I was expecting a lot more of myself, but a year in Europe showed me just how fragile I am
"Oh don’t worry," he explained to her. "Abeer is from Gaza."
I burst into laughter for a while, and then I asked him if the room actually did have electricity.
"Yes," he answered. "It’s not typically Gaza life in the room.”
Not too long after I hung up, I started thinking about how high people's expectations are that those of us coming from Gaza can endure hardship. Why? Because we survived three wars, one street battle, 10 years of siege and denial of access in and out of Gaza freely.
But the truth is that their expectations should be extremely low because someone like me, who decided to leave all of these painful details behind, is no longer ready to endure any more painful details. I was expecting a lot more of myself, but a year in Europe showed me just how fragile I am.
Back in Gaza, I remember a Palestinian friend of mine coming to the enclave for the first time to do some work. We were hanging out a lot, and she would scream every time she would hear a “little” explosion sound. I would just keep typing on my laptop.
“Abeer, are you waiting for the explosion to be just the next door so you can hear it?” she asked.
“Yes, exactly, otherwise I will be doing nothing but following explosions," I told her.
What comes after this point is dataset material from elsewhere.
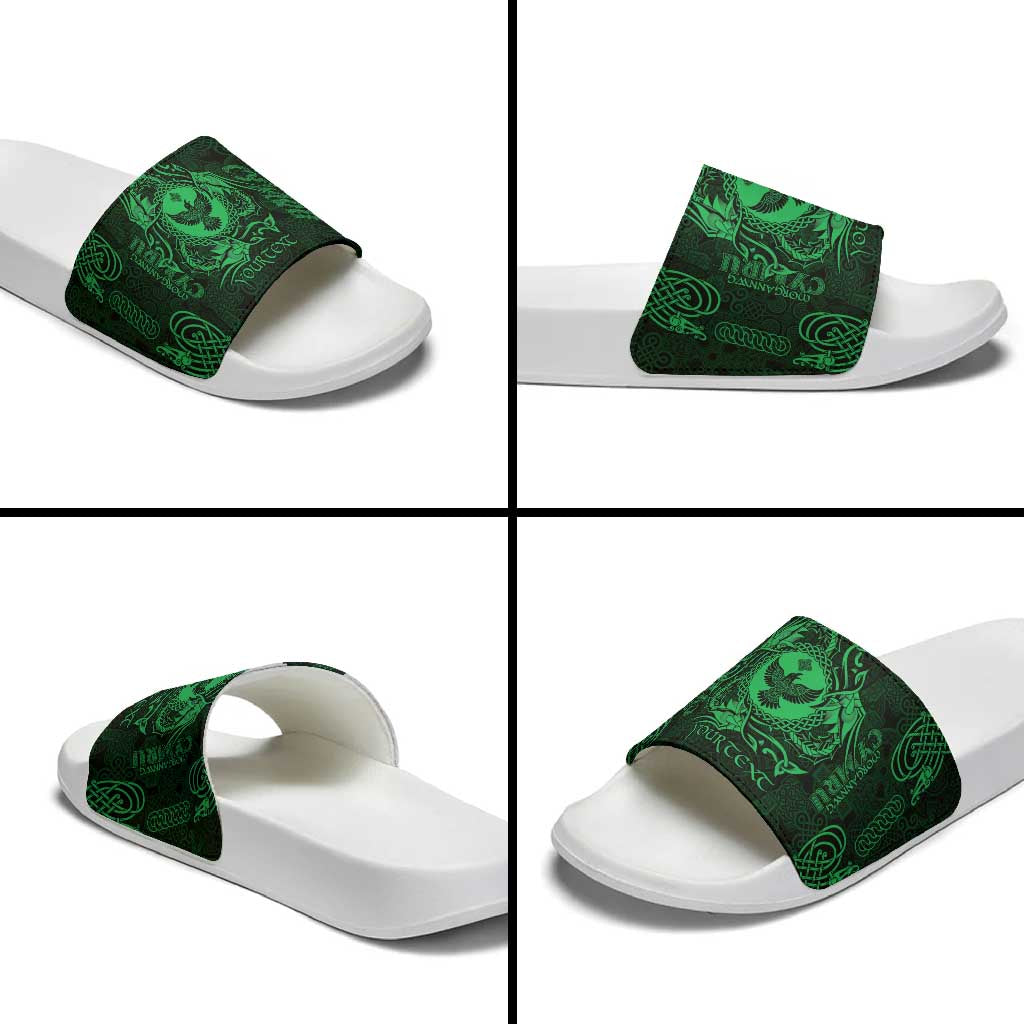 Personalized Glamorgan Morgannwg Slide Sandals Green Raven Celtic-inspired - Wonder Print Shop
That how it was when I was back in Gaza; the reality was harsh, and the sound of explosions became a daily part of my routine.
But when I first moved to Europe, a mere thunderstorm would make my blood run cold, a commercial airplane would scare me so much that I would hide, and a door being slammed strongly made me lean to the ground to try to protect myself.
Someone once asked me, “How does it feel to live in such a safe country like Germany after being in Gaza?” I told him that I don’t really feel safe anywhere in the world; bloody and violent memories never leave me, not when I am awake nor when I am sleeping.
'The place that killed dreams'
Before I left Gaza, I made a decision that I would deactivate my social media accounts once I crossed the Israeli checkpoint of Erez because I didn't want to know anything about Gaza any more. I always thought of Gaza as the place that killed dreams before they were born. I felt like it was too small to have me.
But the complete opposite happened when I departed. I followed more local news agencies. I became a part of more WhatsApp groups, so I could stay up-to-date with everything happening in Gaza.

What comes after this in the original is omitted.